Our stupid defamation laws.
The early days of the internet, the 1990s were a wild west. But largely, it was a great wild west. Barriers came down. Discussion was open. We could get information by ourselves. We didn’t have to rely on a little group of insider journalists who may or may not decide to write about what policy was announced or filter or slant it their way – we had the revolutionary way of now looking it up ourselves. (And didn’t it make them furious).
During this time, the internet proved itself as a great source of free information. The One-Tel collapse was presaged by anonymous emails by a whistleblower. Wikileaks happened. Information was out there.
Even better, our defamation laws were then reformed in 2005, and made nationally consistent. For a while things looked promising, with limitations put upon claims and common sense rules imposed; including a right to an ‘early retraction’; a commonsense reform.
But judges started loosening the defamation laws straight after they were tightened. As always, their sympathy to ‘do something’ in the case before them prompted them to push them wider, little by little; granting extensions, increasing the scope of payouts, weakening sensible tests and thresholds.
At the same time, the web has tightened up. The media business figured out that people just wont pay for news or reporting, and started putting up paywalls. And they began to realize that having lots of comments just isn’t worth it; it doesn’t really bring in any advertising, and just exposes them to legal risk.

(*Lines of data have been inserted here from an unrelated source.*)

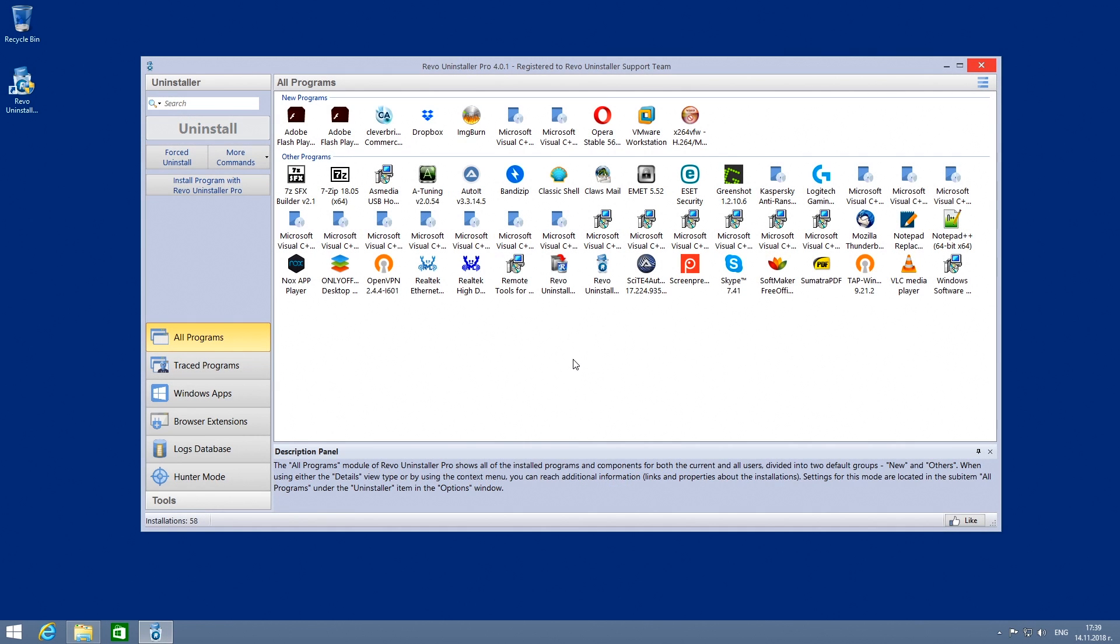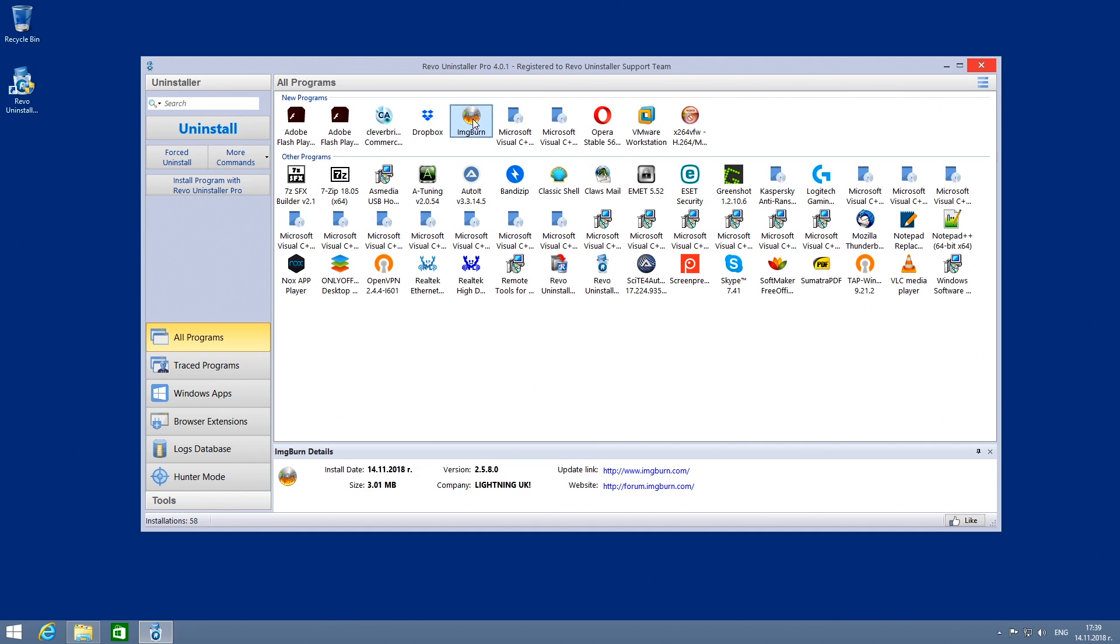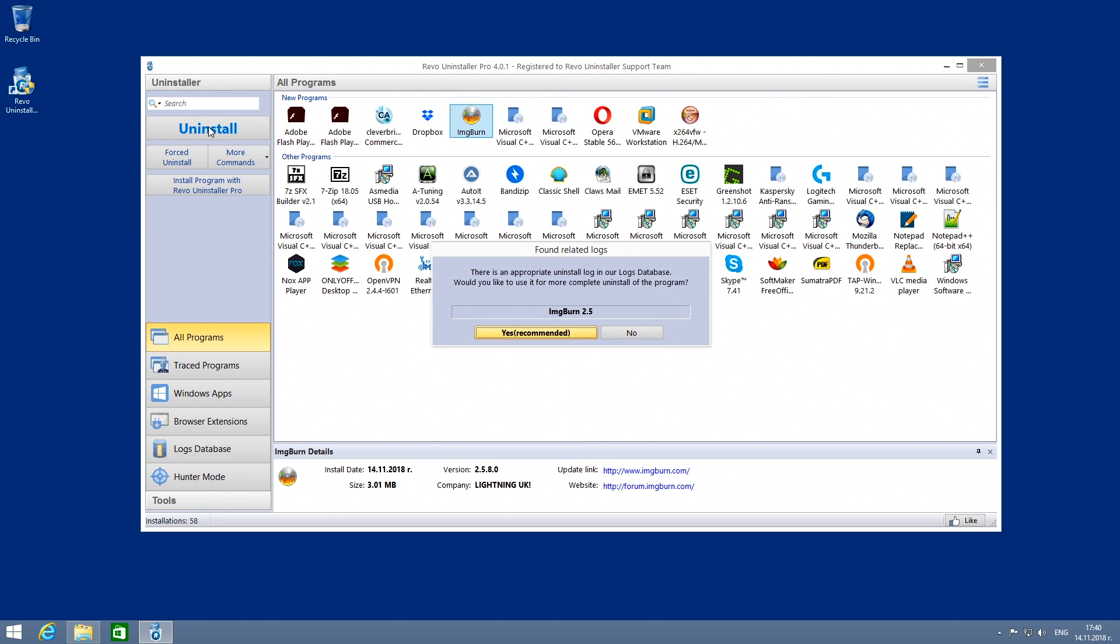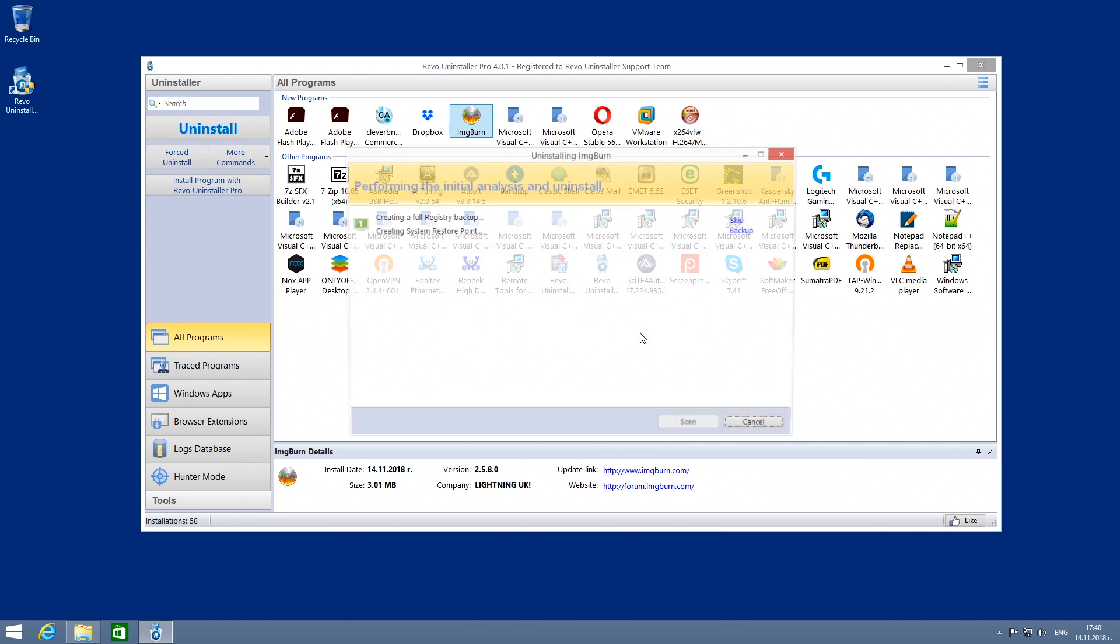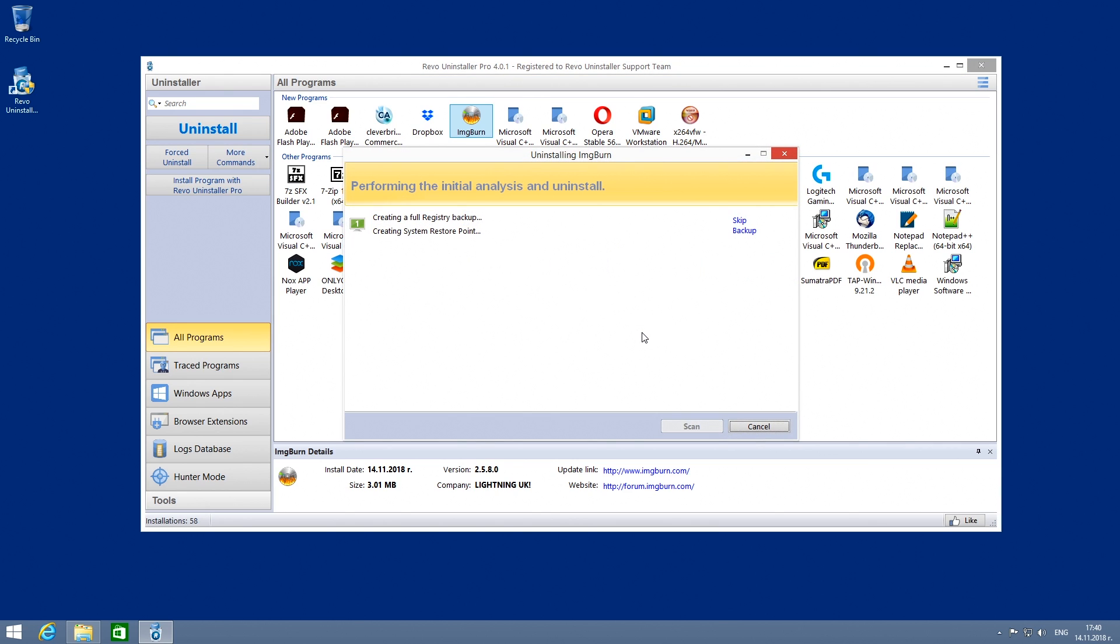To begin an uninstall process, select the program you no longer need from the listed ones and click on the Uninstall button on the left side of the main window. The uninstall will begin shortly.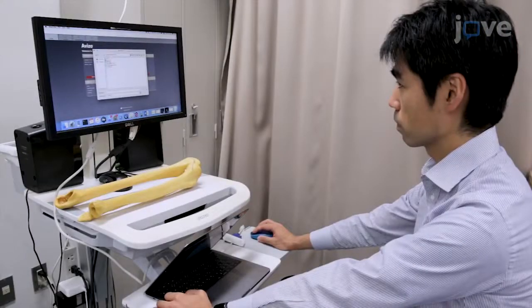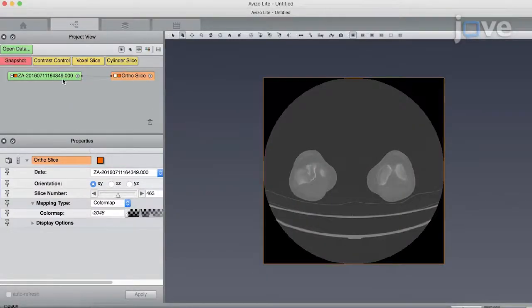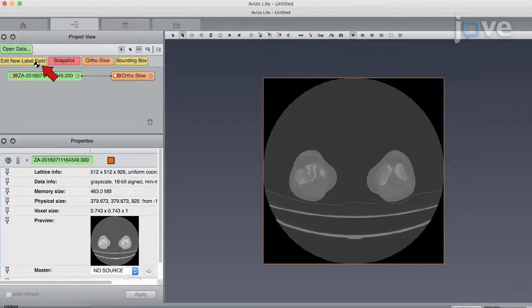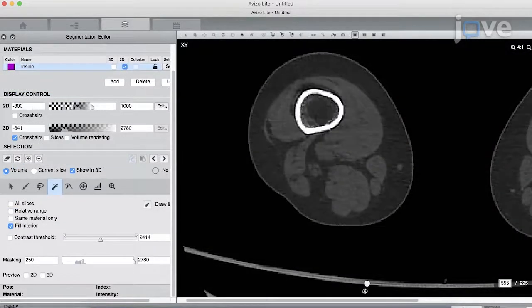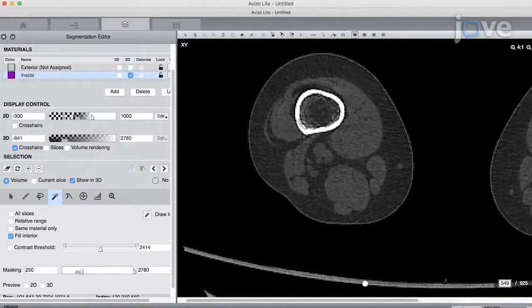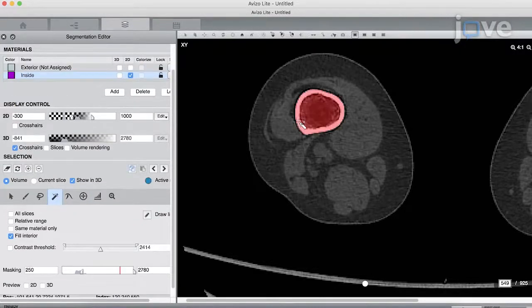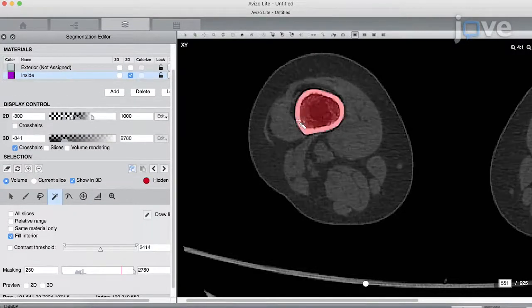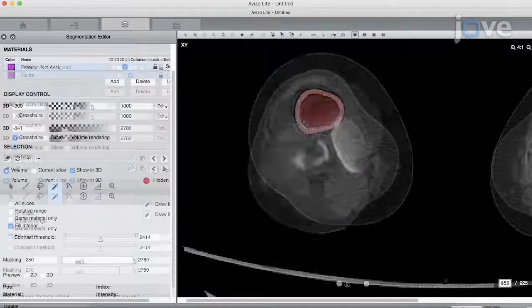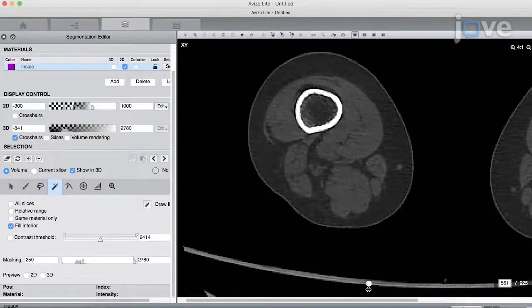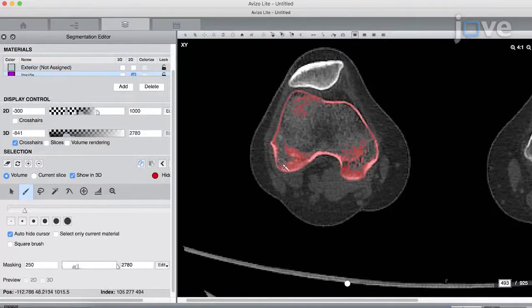For surface semi-automatic segmentation of the 3DCT data, load the CT DICOM data into the appropriate software and click Edit New Label Field to open the label field. Identify which threshold CT attenuation value is appropriate to extract cortical bone from the source bone and select materials with CT attenuation values above the threshold. Check the label for bone cortex selection and use an appropriate editing tool to manually modify the demarcation.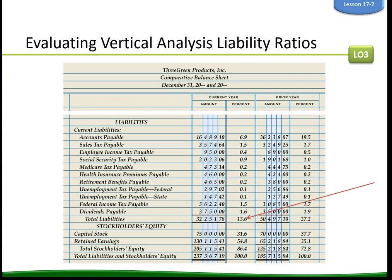Three Green determines that total liabilities should be between 12 and 18% of total assets. Three Green's debt ratio declined from 27% to 13.6%. This is a positive trend, and the current debt ratio is within the target range. Analyzing individual vertical analysis ratios provides more insight into the change of the debt ratio.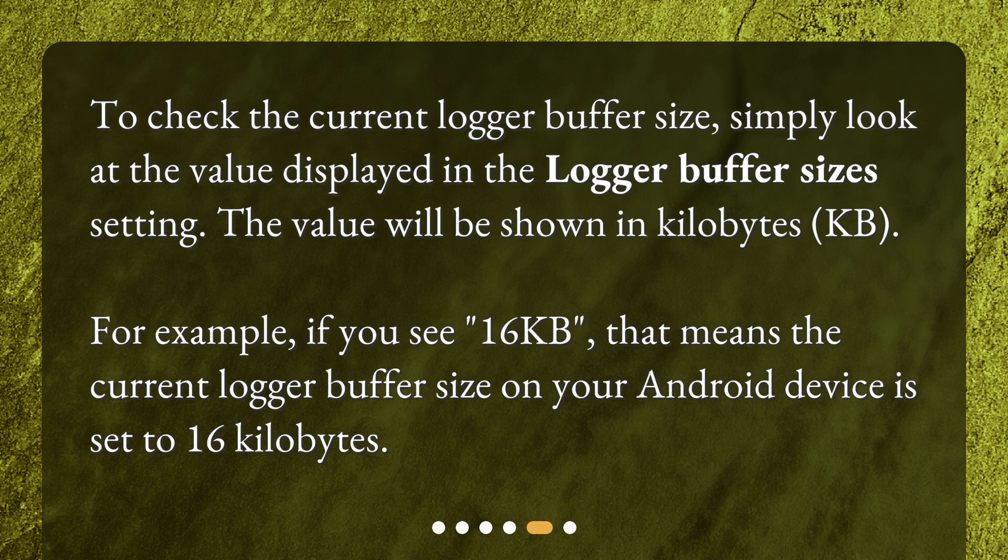For example, if you see 16 KB, that means the current logger buffer size on your Android device is set to 16 kilobytes.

As a result, Whirlpool has become a ridiculously overrmoderated joke (that might as well be shut down); Fairfax began censoring its comments, and finally has a ‘subscriber only’ comments policy (which has turned it into a garden of smug) ; and Newscorp is the same. Facebook is the one remaining exception, but a wave of cases have made them pull up; as well there is now a new censorship movement gathering steam in the mainstream media to stop ‘manipulation’ of facebook (which really means shutting down comment without pre-moderation, which really means no more free speech).
Defamation laws, to state the obvious, only protect the wealthy. The sheer costs of running a defamation action, along with the legal risks, means the rich are its main users. A recent case of a wealthy couple (who tested positive for Covid 19) then refusing to self isolate, demonstrates this: we are not allowed to know who they are, because of defamation concerns.
Defamation laws are corruption’s best friend. The wealthy and the corrupt tend to overlap quite a lot (almost totally in some cases) and there have been many trials and cases in Australia that can’t be pursued due to defamation concerns. I’m aware of one open and shut case of corruption that no journalist wants to write about (despite the facts being very simple), as the main beneficiary is a prominent wealthy person with political connections. Everyone knows it happened- nobody wants to write about it.
Journalists should be our natural allies here. The defamation laws are ridiculous. They are being invoked in school disputes, by parents fighting about school facilities and uniforms. They are being waged by councillors against each other, over trivial nonsense which should be a natural part of government discussions. They are shutting down debate, and smothering everything with a patronizing ‘we can’t talk about it’ gloss that’s worse than the pre internet 1980s. Corruption is thriving.
I acknowledge that journalists opposition to the defamation laws often comes from wanting to gossip about celebrities. By and large, this stuff is a waste of free speech, however sympathetic we are to a ‘sleb who’s been unfairly treated. But the defamation laws overwhelmingly protect the corrupt, no matter how you look at it.
We need, simple, commonsense, bleeding-heart-judge proof defamation laws. A presumption of free speech. Damages for defamation only in the case of clear, serious injury to someone’s reputation where there was no basis whatsoever to make the comment (and the basis can be a mistaken belief). If I see you dip your hand in the till and take out $30, I’m entitled to report it, even if it turns out you got permission from your boss to take the money earlier. And if you do issue court proceedings, I can make a retraction within six months, which (unless its done in a clearly insincere way); ends the matter with no costs. Damages capped at 100k; an all up global limit between you and me (no matter how many cases you launch or causes you file for).
Free speech is being completely and totally throttled, its getting worse, and we don’t have time for our idiot judiciary to shut free speech down on behalf of the corrupt rich.